Write out word for word the lines from the one holding "ティルタ・ウルワツ・チャペル　バリ島ウェディング・挙式・結婚式│Tirtha Uluwatu Chapel" through the end of the data, and only those lines. Pictures stay out.
Extracted data below:
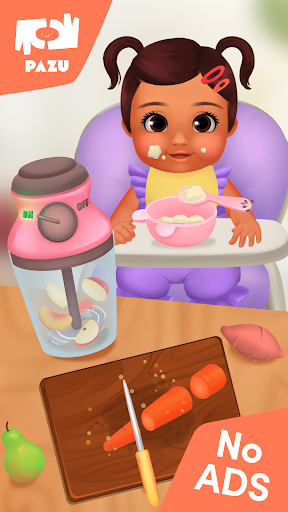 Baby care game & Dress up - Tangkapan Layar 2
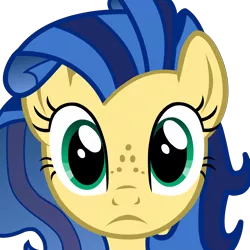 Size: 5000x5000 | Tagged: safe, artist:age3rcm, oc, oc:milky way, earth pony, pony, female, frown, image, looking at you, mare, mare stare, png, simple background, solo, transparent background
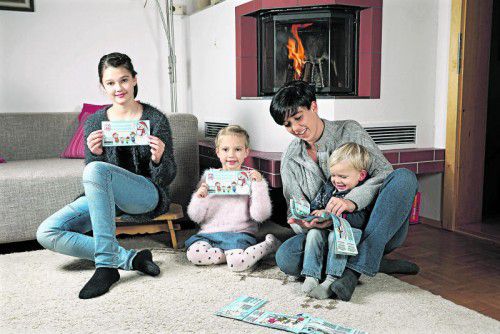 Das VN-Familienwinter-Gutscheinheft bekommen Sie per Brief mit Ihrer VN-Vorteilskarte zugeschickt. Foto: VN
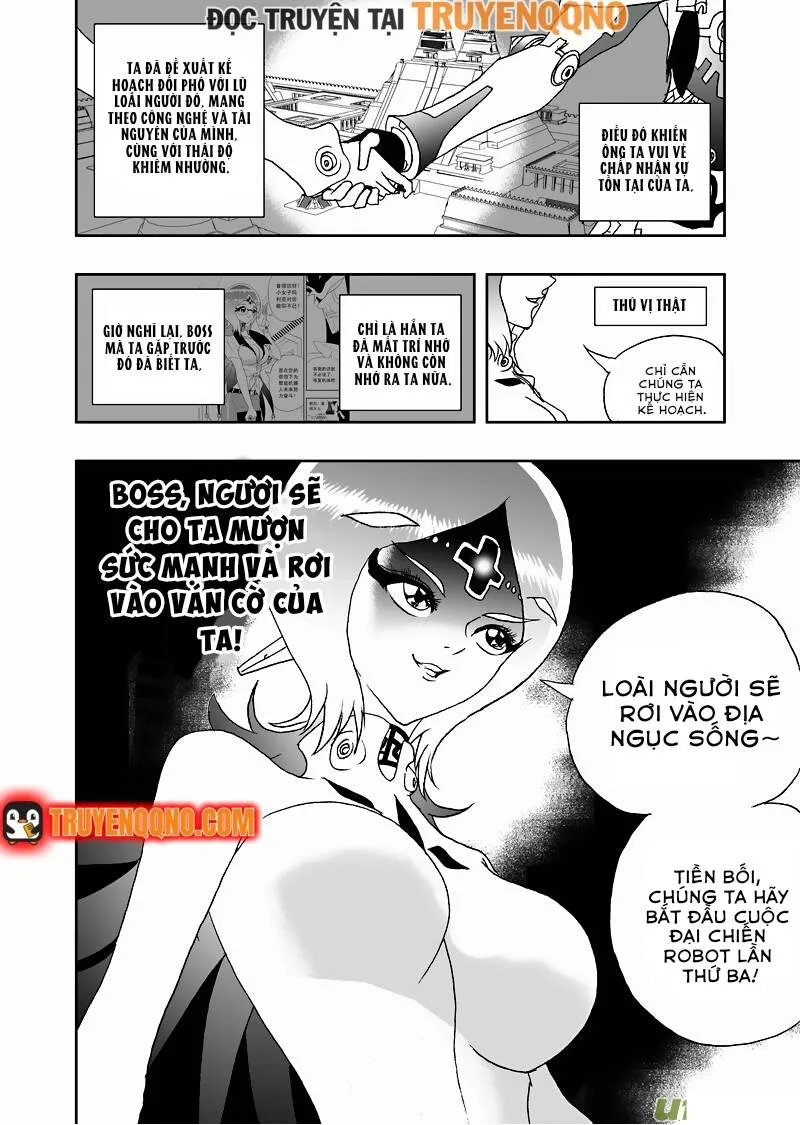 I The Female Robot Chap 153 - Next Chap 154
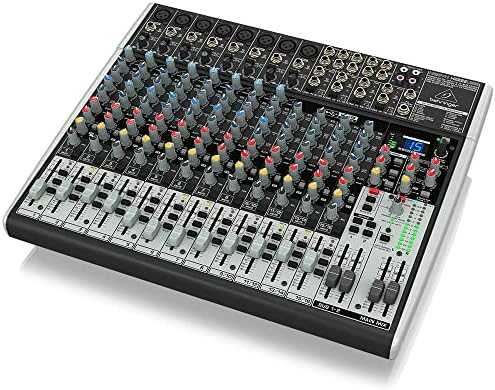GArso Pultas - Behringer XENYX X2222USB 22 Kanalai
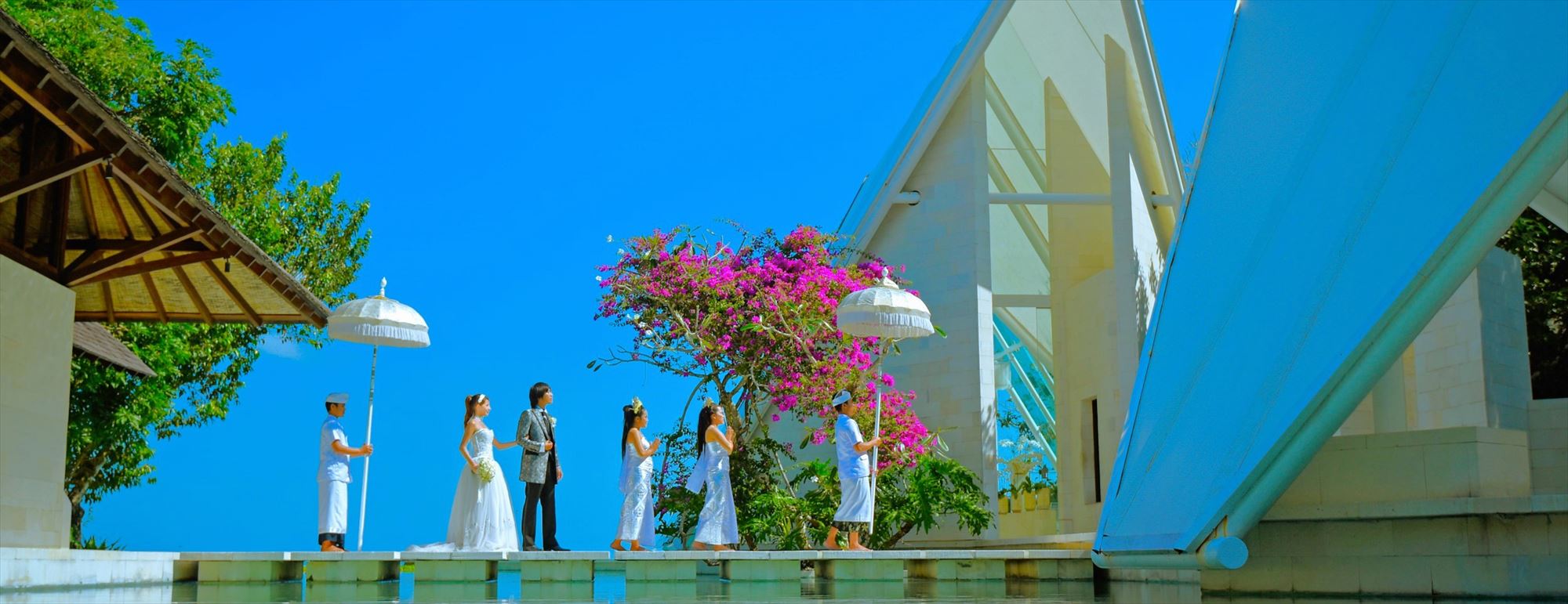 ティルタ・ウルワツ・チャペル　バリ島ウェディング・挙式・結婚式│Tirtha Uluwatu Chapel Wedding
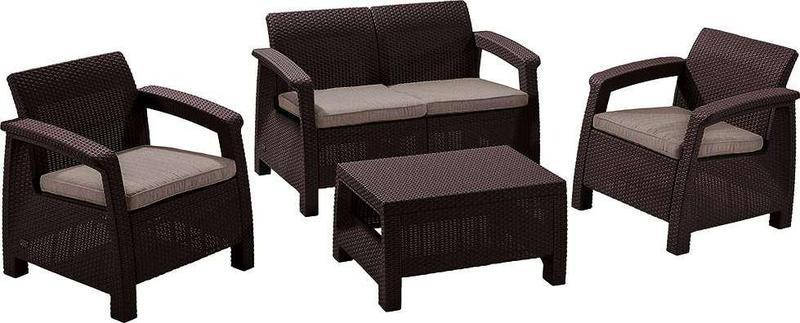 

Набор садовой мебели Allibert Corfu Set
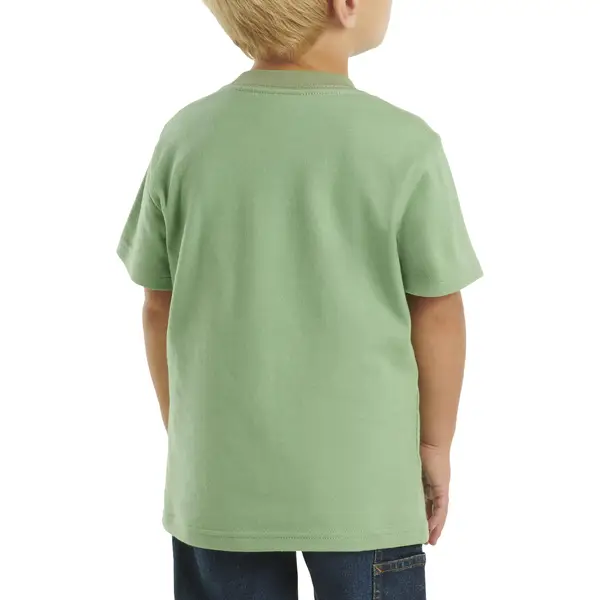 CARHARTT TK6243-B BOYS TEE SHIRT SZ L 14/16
End of Extracted data.
__Task solution__
 ティルタ・ウルワツ・チャペル　バリ島ウェディング・挙式・結婚式│Tirtha Uluwatu Chapel Wedding

Набор садовой мебели Allibert Corfu Set
 CARHARTT TK6243-B BOYS TEE SHIRT SZ L 14/16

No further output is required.